(Bloomberg) -- Consumers are divided over Bitcoin’s staying power, with about one-third expecting the world’s largest cryptocurrency to slide below $20,000 by the end of the year, according to a survey by Deutsche Bank.

That would slice approximately $50,000 off the token’s current price and take it back to levels last seen during a deep bear market in 2022. Just 10% of over 3,600 people surveyed saw Bitcoin above $75,000 by the end of December.

Some 40% of respondents were confident about Bitcoin thriving over the next few years but 38% expected it to disappear. At the same time, less than 1% considered crypto a fad, the survey conducted over March showed. 

The original cryptocurrency traded 1.4% lower at about $70,700 as of 7:50 a.m. Tuesday in London. It achieved an all-time peak of $73,798 in mid-March. Bitcoin’s 67% rise this year tops traditional assets like global stocks and gold.

A flood of inflows into three-month-old US spot-Bitcoin exchange-traded funds lifted the token and led supporters to argue that crypto demand will widen.

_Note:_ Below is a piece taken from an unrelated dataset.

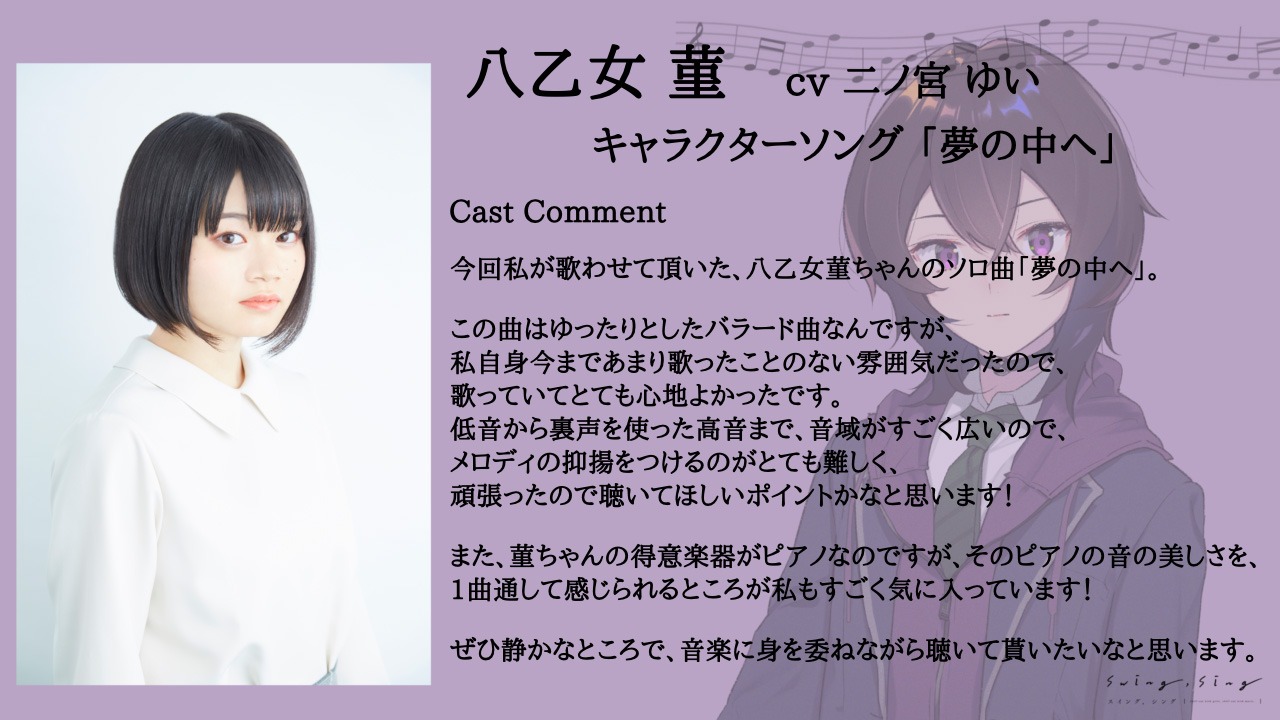 二ノ宮ゆいのコメント画像。(c)swing,sing Project (c)ISARIBI All Rights Reserved.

Detractors say Bitcoin has no intrinsic value and is purely a speculative playground storing up an inevitable reckoning.

Bitcoin this month will undergo the so-called halving, a four-yearly event that slashes new supply of the token. Some view that as a bullish tailwind. 

Read more: What Is Bitcoin ‘Halving’? Does It Push Up the Price?: QuickTake

“You’re seeing a lot of continued traction that’s coming into the market because of the upcoming halving,” Victoria Bills, chief investment strategist at Banrion Capital, said on Bloomberg Radio.